THE musician strummed his dragon-headed lute, launching a nervous young woman into a high-pitched, ululating song broadcast live across the remote Himalayan kingdom of Bhutan.
The judges’ were unsparing. She was out of synch with the music, one said. The other consulted historical scriptures and discovered she got the lyrics wrong.
It’s clear “Bhutan Star” is not just another low-budget knockoff of the “American Idol” juggernaut. This wildly popular show, which forces contestants to sing the nation’s fading traditional songs, is Bhutan’s most promising weapon in its fight to save its culture from being overrun by globalization.

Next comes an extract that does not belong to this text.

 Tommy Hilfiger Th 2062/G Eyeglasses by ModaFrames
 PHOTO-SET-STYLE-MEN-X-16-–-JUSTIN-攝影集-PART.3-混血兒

Conservative grandparents, Buddhist monks, rebellious teens and almost everyone else with a TV gather every Saturday and Sunday to watch contestants belt out classical Buddhist compositions. Jaded youngsters have started humming folk tunes in the street.
“When young guys like us can sing this, (kids) think, ‘Why not?'” said Tandin Dorji, a 24-year-old office worker and a contestant on the show.
Nestled in the high peaks between India and China, the “Land of the Thunder Dragon” long maintained an insular existence, with traditions nearly frozen in amber and no paved roads, phones or postal service until the 1960s.
Men wore the gho, a knee-length robe, with high black socks and elaborately decorated silk boots. Women wore the kira, a floor-length woven dress. They snacked on toasted rice and butter tea and listened to homegrown music. Even as young Bhutanese went abroad to study, and Bollywood movies colonized the nation’s two theaters, its traditions dominated.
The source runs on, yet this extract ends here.